New Inequality Data Is a Gift to Campaign Sloganeers
The Fed developed a data set that throws wealth disparities into high relief.
Bloomberg, July 16, 2019
Studying wealth and income inequality has long been the stomping grounds of economists with the time and willingness to dig into 19th-century tax ledgers, Gilded-Age stock ownership and pre-Great Depression bank holdings.
For the do-it-yourselfers the entire exercise just became a lot easier, with the release by the Federal Reserve of a vast run of information on U.S. wealth distribution. It has something for everyone, making it simple to cherry pick your favorite data point and support your philosophical views on just about anything — taxes, wealth and inequality
Why does this matter? At a time when inequality may be given more attention in the run-up to the 2020 election, it’s not hard to imagine how this raw material might be fashioned into campaign slogans. There’s plenty of fodder here for the likes of everyone from Representative Alexandria Ocasio-Cortez to Treasury Secretary Steve Mnuchin.

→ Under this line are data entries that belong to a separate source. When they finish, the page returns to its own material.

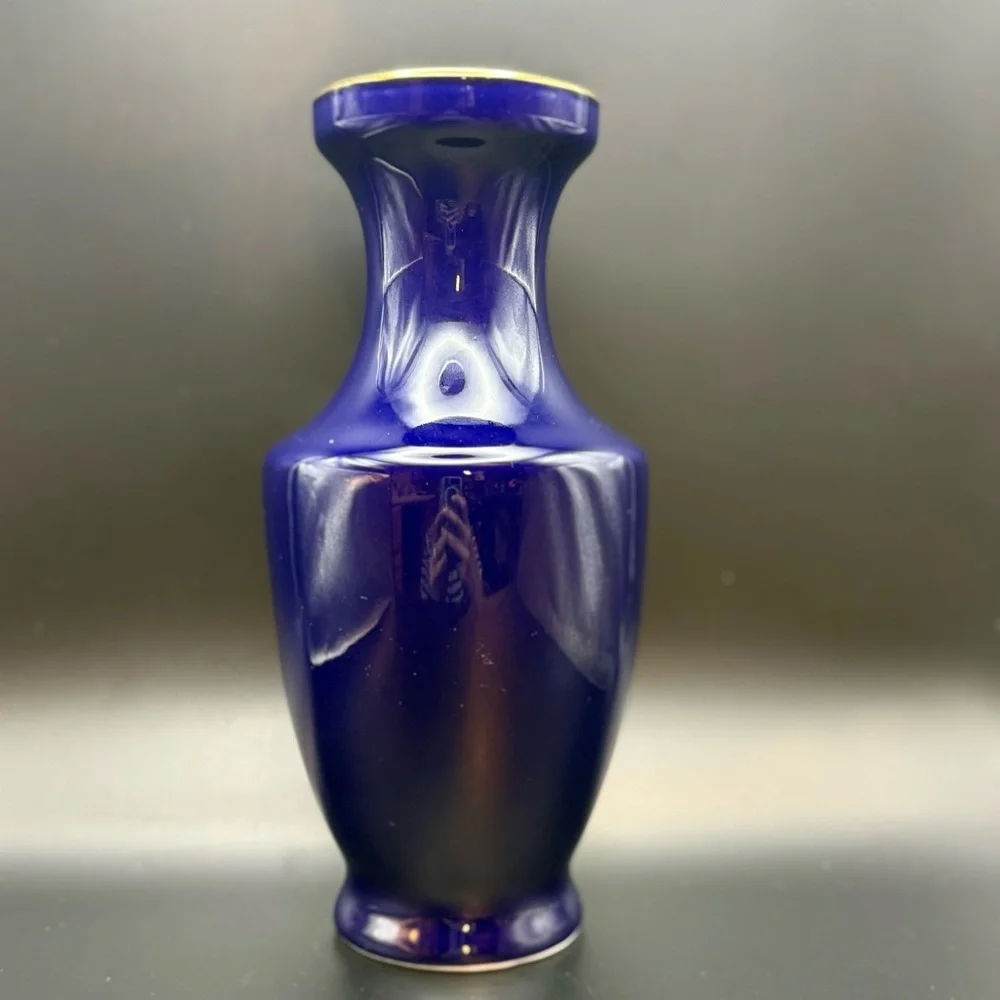Vintage Cobalt Blue Asian Satsuma Style Vase Pheasants Gold Accents 10” Tall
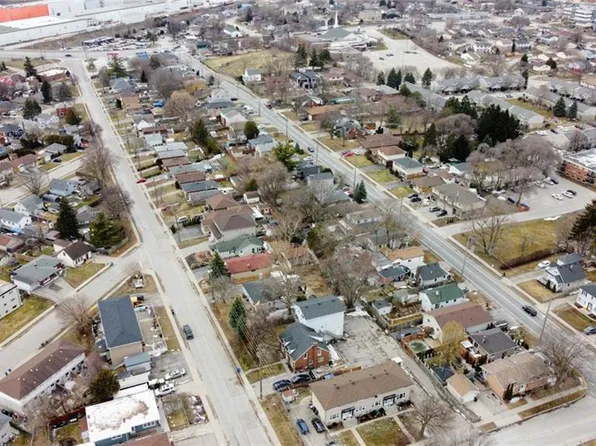 65 Brooklyne Rd, Cambridge, ON N1R 1C6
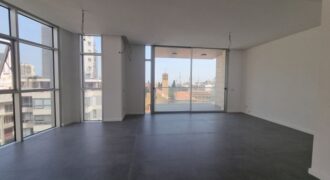 For Sale: Apartment in Achrafieh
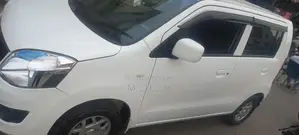 Suzuki Wagon R VXL Compact Hatchback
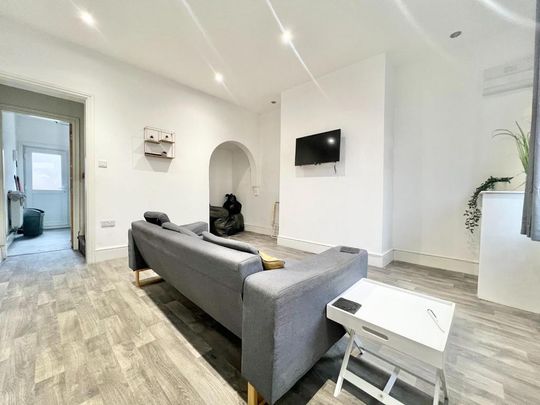 3 bedroom terraced house to rent - Photo 1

Let’s look at a few possibilities:
America is richer than ever: This is one for the incumbent to tout. Americans have never been wealthier: Household assets are at an all-time high, with a total value of $117.6 trillion. Total net worth (assets minus liabilities) is $102.5 trillion. Liabilities, primarily home mortgages ($9.7 trillion, or 70%) and consumer credit ($3.6 trillion, or 26%) make up most of the $15.1 trillion of total liabilities.
Relative to these assets, or to discretionary income, debt levels at present are very manageable. They are substantially lower than they were before the financial crisis — in fact, household debt-service and financial-obligation ratios are the lowest since this data series began 30-years ago. In other words, American households are both richer and carry lower debt burdens, lowering a huge source of both economic and psychological stress.
America is for the rich: An issue for the challengers. Yes, America is wealthier than ever, especially if you are in the top 10% of households. The Fed found that the top 1% of American households held wealth of $32.5 trillion. That works out to be an average household asset value of about $25 million each. The rest of the top 10% (90th to 99th wealth percentiles) held total wealth of $42.8 trillion. Add the top 1% to this group and we get a total of $75.3 trillion, with an average household wealth of $5.8 million. To be sure, this is an average and is skewed by the enormous wealth of those at the very top; the median, or midpoint, would be lower.
The next 40% (50th to 90th percentiles) has total assets of $35.3 trillion. The 63.8 million households in the top half of America have average household total wealth of $1.72 million apiece. Note this does not include liabilities such as mortgages, student loans, consumer credit, which offsets some of this.
Where things get interesting is when we look at the bottom 50% of households in America by wealth. They own total assets of $6.86 trillion. That reflects wealth (before liabilities) of a mere $107,523 per household.
Let’s dig a bit deeper: The top decile of America holds almost about 70% of the national wealth — 31% is held by the top 1%, while the rest of the top 10% holds about 39%.
And the bottom half’s share? About 1.3%.
Although the wealthy own most of the assets, the less well-off hold a disproportionate share of the liabilities. The top 10% have a relatively modest amount of debt ($633 billion for the top 1%, and the rest of the top 10% has $2.8 trillion). Meanwhile, the bottom 50% has $5.6 trillion in liabilities; the group between the top decile and the bottom half has more than $6 trillion in liabilities. In other words, the bottom 90% has total liabilities of almost $12 trillion.
The conclusion here is that the wealthy own most of the assets, while the less wealthy are stuck with most of the liabilities. Construct the cleverest campaign slogan out of this and you just might become the Democratic nominee for president.
Supply-side economics doesn’t make everyone richer: There’s probably something for incumbents and challengers here, and it might also help settle a debate that has preoccupied economic wonks for years. We can now show data for the three decades following the adoption of Reaganomics, aka supply-side economics; that reducing the tax burden on the wealthy would lead to a burst of economic growth that would make everyone richer, and that wealth would trickle down from the top. The new data make it clear that the opposite has happened, and wealth inequality and income inequality have each increased.
This data helps us see that supply-side economics was always about shifting wealth from the low and middle ends of the wealth distribution toward the top. In other words, much of our wealth inequality is by design, the result of public policies. Whether this was done out of good faith or bad is up to you to decide.
The conclusion of all this giant data dump: We shouldn’t be surprised if economic inequality plays an ever-more prominent role than it has in past presidential election cycles. We all owe a small debt of gratitude to the researchers are the Fed who pulled this data together and made it just a little easier to understand the full extent of the vast disparities in wealth and income in modern America.